[Dataset items]
Start of Block

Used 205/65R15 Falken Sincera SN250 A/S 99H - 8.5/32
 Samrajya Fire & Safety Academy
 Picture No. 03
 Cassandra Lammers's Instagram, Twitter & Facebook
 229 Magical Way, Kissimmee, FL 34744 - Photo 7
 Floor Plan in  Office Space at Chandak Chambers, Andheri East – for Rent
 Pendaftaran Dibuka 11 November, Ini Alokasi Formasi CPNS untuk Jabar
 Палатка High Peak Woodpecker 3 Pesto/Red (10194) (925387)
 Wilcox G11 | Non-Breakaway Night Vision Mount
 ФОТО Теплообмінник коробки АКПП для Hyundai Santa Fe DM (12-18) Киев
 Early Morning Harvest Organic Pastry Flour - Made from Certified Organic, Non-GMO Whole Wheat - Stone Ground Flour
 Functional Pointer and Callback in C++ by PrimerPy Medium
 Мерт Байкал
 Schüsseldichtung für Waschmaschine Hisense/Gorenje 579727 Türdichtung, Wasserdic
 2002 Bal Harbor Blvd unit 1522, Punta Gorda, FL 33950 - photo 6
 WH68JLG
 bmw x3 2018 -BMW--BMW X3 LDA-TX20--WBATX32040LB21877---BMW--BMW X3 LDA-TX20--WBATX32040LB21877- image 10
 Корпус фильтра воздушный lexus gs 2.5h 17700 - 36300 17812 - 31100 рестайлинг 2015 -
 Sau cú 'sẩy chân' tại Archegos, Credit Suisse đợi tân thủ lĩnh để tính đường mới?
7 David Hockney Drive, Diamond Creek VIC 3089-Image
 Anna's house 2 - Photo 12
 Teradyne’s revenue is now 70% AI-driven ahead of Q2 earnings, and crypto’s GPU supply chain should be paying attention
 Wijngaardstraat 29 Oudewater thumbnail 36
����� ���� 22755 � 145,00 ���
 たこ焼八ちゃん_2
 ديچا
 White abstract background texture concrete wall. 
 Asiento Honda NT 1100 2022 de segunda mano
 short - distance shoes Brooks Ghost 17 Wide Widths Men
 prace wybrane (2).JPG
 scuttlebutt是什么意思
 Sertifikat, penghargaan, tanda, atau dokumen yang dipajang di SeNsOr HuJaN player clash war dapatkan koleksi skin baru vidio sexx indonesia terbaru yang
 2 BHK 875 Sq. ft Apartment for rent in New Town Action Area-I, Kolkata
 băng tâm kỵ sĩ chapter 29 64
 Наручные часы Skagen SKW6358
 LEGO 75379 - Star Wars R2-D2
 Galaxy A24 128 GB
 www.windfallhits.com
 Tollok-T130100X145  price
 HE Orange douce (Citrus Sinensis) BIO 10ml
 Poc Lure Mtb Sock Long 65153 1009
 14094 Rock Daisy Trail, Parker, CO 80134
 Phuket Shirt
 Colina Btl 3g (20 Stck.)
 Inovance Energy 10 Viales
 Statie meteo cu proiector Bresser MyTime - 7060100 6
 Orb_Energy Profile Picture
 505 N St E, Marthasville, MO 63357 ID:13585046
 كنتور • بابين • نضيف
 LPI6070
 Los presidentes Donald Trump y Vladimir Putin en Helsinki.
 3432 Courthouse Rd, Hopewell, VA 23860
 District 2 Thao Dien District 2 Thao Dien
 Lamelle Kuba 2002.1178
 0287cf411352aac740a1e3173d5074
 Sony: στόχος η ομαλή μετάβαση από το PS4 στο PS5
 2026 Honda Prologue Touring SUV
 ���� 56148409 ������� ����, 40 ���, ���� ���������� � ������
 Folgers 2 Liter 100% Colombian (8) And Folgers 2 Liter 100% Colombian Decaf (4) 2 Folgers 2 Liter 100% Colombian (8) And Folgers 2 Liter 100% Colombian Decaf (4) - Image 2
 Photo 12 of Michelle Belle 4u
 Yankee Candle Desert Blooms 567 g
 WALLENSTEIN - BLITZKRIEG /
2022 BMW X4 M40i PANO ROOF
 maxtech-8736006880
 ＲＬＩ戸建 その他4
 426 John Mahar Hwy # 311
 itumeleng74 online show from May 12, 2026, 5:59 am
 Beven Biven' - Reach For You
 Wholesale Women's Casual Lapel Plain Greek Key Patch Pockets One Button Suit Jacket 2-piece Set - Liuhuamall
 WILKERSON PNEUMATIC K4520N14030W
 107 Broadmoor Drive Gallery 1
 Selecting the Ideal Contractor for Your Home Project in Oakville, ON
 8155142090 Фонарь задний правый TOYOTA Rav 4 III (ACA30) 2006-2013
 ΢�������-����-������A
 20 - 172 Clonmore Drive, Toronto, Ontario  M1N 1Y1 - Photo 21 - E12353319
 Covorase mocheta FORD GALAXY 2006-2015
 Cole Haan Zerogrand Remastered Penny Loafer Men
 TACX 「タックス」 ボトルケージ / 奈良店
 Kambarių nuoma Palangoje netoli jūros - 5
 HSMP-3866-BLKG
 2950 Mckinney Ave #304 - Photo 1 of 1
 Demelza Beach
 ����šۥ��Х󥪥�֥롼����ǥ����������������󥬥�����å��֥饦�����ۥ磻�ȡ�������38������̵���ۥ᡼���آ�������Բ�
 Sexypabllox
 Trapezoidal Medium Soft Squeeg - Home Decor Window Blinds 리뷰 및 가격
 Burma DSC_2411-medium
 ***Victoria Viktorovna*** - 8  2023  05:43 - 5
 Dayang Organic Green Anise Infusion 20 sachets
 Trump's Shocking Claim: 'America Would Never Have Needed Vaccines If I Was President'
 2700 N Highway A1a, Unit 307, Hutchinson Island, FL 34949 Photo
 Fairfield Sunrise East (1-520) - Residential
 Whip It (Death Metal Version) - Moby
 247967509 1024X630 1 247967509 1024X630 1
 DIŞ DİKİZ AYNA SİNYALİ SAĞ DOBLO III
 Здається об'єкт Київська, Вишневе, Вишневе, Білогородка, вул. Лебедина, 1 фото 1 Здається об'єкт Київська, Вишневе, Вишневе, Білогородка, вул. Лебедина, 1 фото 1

End of Block

Line by line, set the records above down again exactly.

Used 205/65R15 Falken Sincera SN250 A/S 99H - 8.5/32
 Samrajya Fire & Safety Academy
 Picture No. 03
 Cassandra Lammers's Instagram, Twitter & Facebook
 229 Magical Way, Kissimmee, FL 34744 - Photo 7
 Floor Plan in  Office Space at Chandak Chambers, Andheri East – for Rent
 Pendaftaran Dibuka 11 November, Ini Alokasi Formasi CPNS untuk Jabar
 Палатка High Peak Woodpecker 3 Pesto/Red (10194) (925387)
 Wilcox G11 | Non-Breakaway Night Vision Mount
 ФОТО Теплообмінник коробки АКПП для Hyundai Santa Fe DM (12-18) Киев
 Early Morning Harvest Organic Pastry Flour - Made from Certified Organic, Non-GMO Whole Wheat - Stone Ground Flour
 Functional Pointer and Callback in C++ by PrimerPy Medium
 Мерт Байкал
 Schüsseldichtung für Waschmaschine Hisense/Gorenje 579727 Türdichtung, Wasserdic
 2002 Bal Harbor Blvd unit 1522, Punta Gorda, FL 33950 - photo 6
 WH68JLG
 bmw x3 2018 -BMW--BMW X3 LDA-TX20--WBATX32040LB21877---BMW--BMW X3 LDA-TX20--WBATX32040LB21877- image 10
 Корпус фильтра воздушный lexus gs 2.5h 17700 - 36300 17812 - 31100 рестайлинг 2015 -
 Sau cú 'sẩy chân' tại Archegos, Credit Suisse đợi tân thủ lĩnh để tính đường mới?
7 David Hockney Drive, Diamond Creek VIC 3089-Image
 Anna's house 2 - Photo 12
 Teradyne’s revenue is now 70% AI-driven ahead of Q2 earnings, and crypto’s GPU supply chain should be paying attention
 Wijngaardstraat 29 Oudewater thumbnail 36
����� ���� 22755 � 145,00 ���
 たこ焼八ちゃん_2
 ديچا
 White abstract background texture concrete wall. 
 Asiento Honda NT 1100 2022 de segunda mano
 short - distance shoes Brooks Ghost 17 Wide Widths Men
 prace wybrane (2).JPG
 scuttlebutt是什么意思
 Sertifikat, penghargaan, tanda, atau dokumen yang dipajang di SeNsOr HuJaN player clash war dapatkan koleksi skin baru vidio sexx indonesia terbaru yang
 2 BHK 875 Sq. ft Apartment for rent in New Town Action Area-I, Kolkata
 băng tâm kỵ sĩ chapter 29 64
 Наручные часы Skagen SKW6358
 LEGO 75379 - Star Wars R2-D2
 Galaxy A24 128 GB
 www.windfallhits.com
 Tollok-T130100X145  price
 HE Orange douce (Citrus Sinensis) BIO 10ml
 Poc Lure Mtb Sock Long 65153 1009
 14094 Rock Daisy Trail, Parker, CO 80134
 Phuket Shirt
 Colina Btl 3g (20 Stck.)
 Inovance Energy 10 Viales
 Statie meteo cu proiector Bresser MyTime - 7060100 6
 Orb_Energy Profile Picture
 505 N St E, Marthasville, MO 63357 ID:13585046
 كنتور • بابين • نضيف
 LPI6070
 Los presidentes Donald Trump y Vladimir Putin en Helsinki.
 3432 Courthouse Rd, Hopewell, VA 23860
 District 2 Thao Dien District 2 Thao Dien
 Lamelle Kuba 2002.1178
 0287cf411352aac740a1e3173d5074
 Sony: στόχος η ομαλή μετάβαση από το PS4 στο PS5
 2026 Honda Prologue Touring SUV
 ���� 56148409 ������� ����, 40 ���, ���� ���������� � ������
 Folgers 2 Liter 100% Colombian (8) And Folgers 2 Liter 100% Colombian Decaf (4) 2 Folgers 2 Liter 100% Colombian (8) And Folgers 2 Liter 100% Colombian Decaf (4) - Image 2
 Photo 12 of Michelle Belle 4u
 Yankee Candle Desert Blooms 567 g
 WALLENSTEIN - BLITZKRIEG /
2022 BMW X4 M40i PANO ROOF
 maxtech-8736006880
 ＲＬＩ戸建 その他4
 426 John Mahar Hwy # 311
 itumeleng74 online show from May 12, 2026, 5:59 am
 Beven Biven' - Reach For You
 Wholesale Women's Casual Lapel Plain Greek Key Patch Pockets One Button Suit Jacket 2-piece Set - Liuhuamall
 WILKERSON PNEUMATIC K4520N14030W
 107 Broadmoor Drive Gallery 1
 Selecting the Ideal Contractor for Your Home Project in Oakville, ON
 8155142090 Фонарь задний правый TOYOTA Rav 4 III (ACA30) 2006-2013
 ΢�������-����-������A
 20 - 172 Clonmore Drive, Toronto, Ontario  M1N 1Y1 - Photo 21 - E12353319
 Covorase mocheta FORD GALAXY 2006-2015
 Cole Haan Zerogrand Remastered Penny Loafer Men
 TACX 「タックス」 ボトルケージ / 奈良店
 Kambarių nuoma Palangoje netoli jūros - 5
 HSMP-3866-BLKG
 2950 Mckinney Ave #304 - Photo 1 of 1
 Demelza Beach
 ����šۥ��Х󥪥�֥롼����ǥ����������������󥬥�����å��֥饦�����ۥ磻�ȡ�������38������̵���ۥ᡼���آ�������Բ�
 Sexypabllox
 Trapezoidal Medium Soft Squeeg - Home Decor Window Blinds 리뷰 및 가격
 Burma DSC_2411-medium
 ***Victoria Viktorovna*** - 8  2023  05:43 - 5
 Dayang Organic Green Anise Infusion 20 sachets
 Trump's Shocking Claim: 'America Would Never Have Needed Vaccines If I Was President'
 2700 N Highway A1a, Unit 307, Hutchinson Island, FL 34949 Photo
 Fairfield Sunrise East (1-520) - Residential
 Whip It (Death Metal Version) - Moby
 247967509 1024X630 1 247967509 1024X630 1
 DIŞ DİKİZ AYNA SİNYALİ SAĞ DOBLO III
 Здається об'єкт Київська, Вишневе, Вишневе, Білогородка, вул. Лебедина, 1 фото 1 Здається об'єкт Київська, Вишневе, Вишневе, Білогородка, вул. Лебедина, 1 фото 1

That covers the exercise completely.